The man at the helm of the region’s biggest manufacturing body has thrown his weight behind The Journal’s Proud to Back Apprenticeships campaign.
Having started his own career as an electrical apprentice at Swan Hunter before going on to be a training manager at the former Wallsend shipyard, Jack Hanwell supported 400 apprentices at certain times during his career.
The man who took the reins at South Tyneside’s Manufacturing Forum three weeks ago laments what he sees as a cheapening of apprenticeships over the years.
“When I did my four-year apprenticeship it was seen as a great career and you could stick your chest out with pride when you had served your time,” he said.
“I think the term fell into disrepute with many short-term courses being branded apprenticeships when they weren’t.
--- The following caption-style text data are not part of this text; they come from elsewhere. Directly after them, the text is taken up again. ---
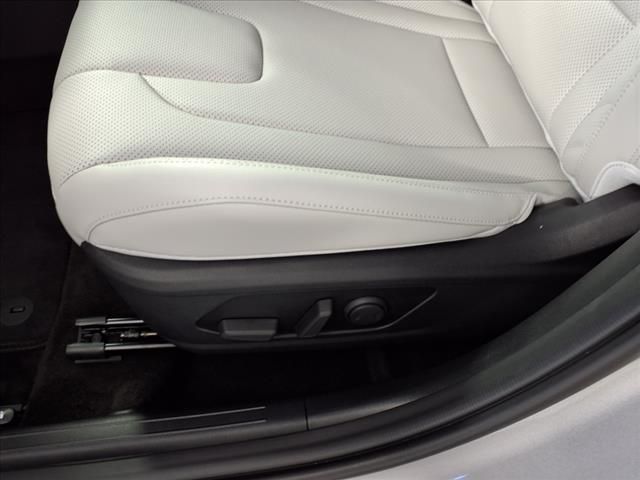 2025 Hyundai Elantra Limited photo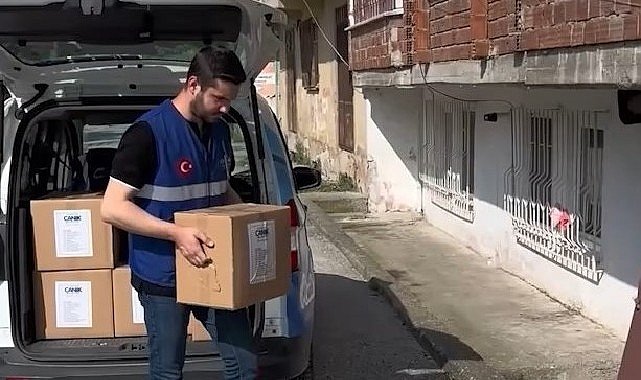 Canik belediyesi nden selden etkilenen ailelere hijyen paketi destegi 6407.jpg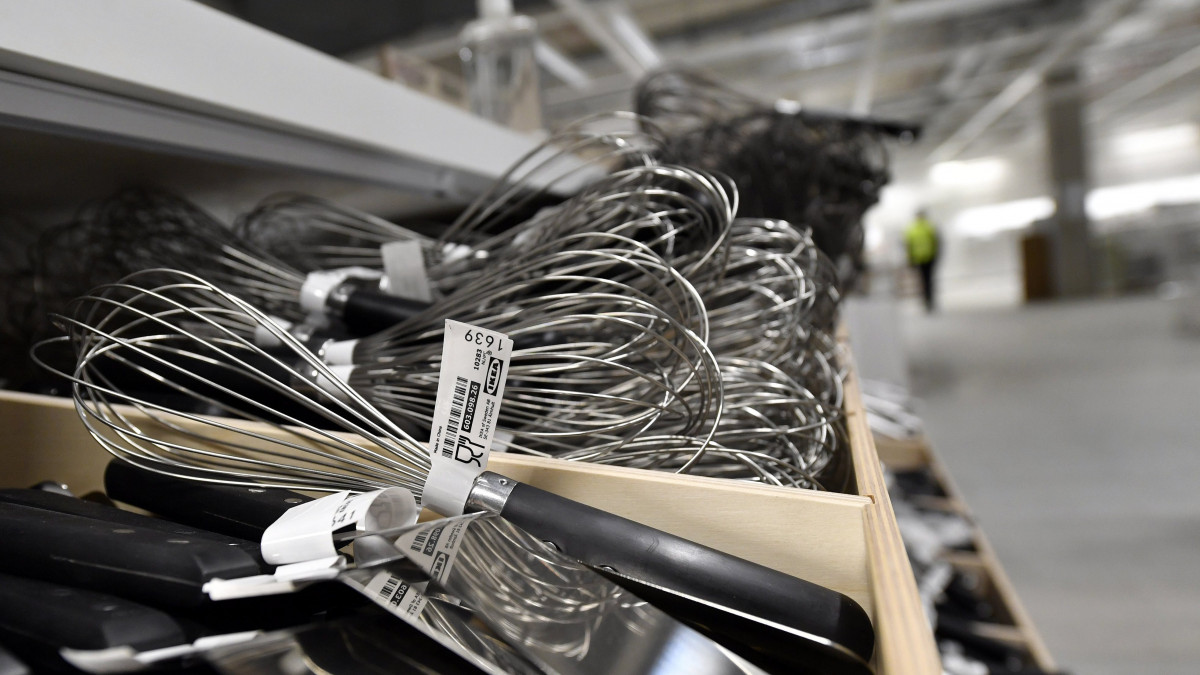 Konyhai eszközök az IKEA épülő soroksári áruházában 2017. február 15-én. A régió legnagyobb IKEA áruháza májusban nyitja meg kapuit, 300 alkalmazottat vesznek fel.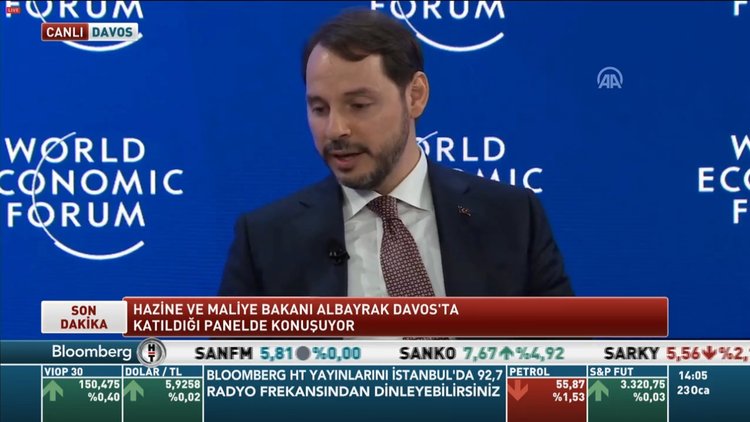 Hazine ve maliye bakanı Albayrak Davos'ta katıldığı panelde konuşuyor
“There was also a big push towards university education but it is not the right choice for everyone.
“The introduction of fees has made people think and there is an opportunity for manufacturers to grasp the nettle and show youngsters they can earn while they learn, develop long-term careers and still get a degree if that is their aim.”
Mr Hanwell has placed apprenticeships at the centre of his work with South Tyneside’s Manufacturing Forum and one of his first tasks is to meet with Semta, the sector skills council for science, engineering and advanced manufacturing,
“Semta’s experts are knowledgeable, with so much labour market information and tools to help SMEs in particular,” he said. “They bring something different to the party and talk the same language as our members. Semta can be a great facilitator in creating the partnerships and climate to show the difference apprentices can make.”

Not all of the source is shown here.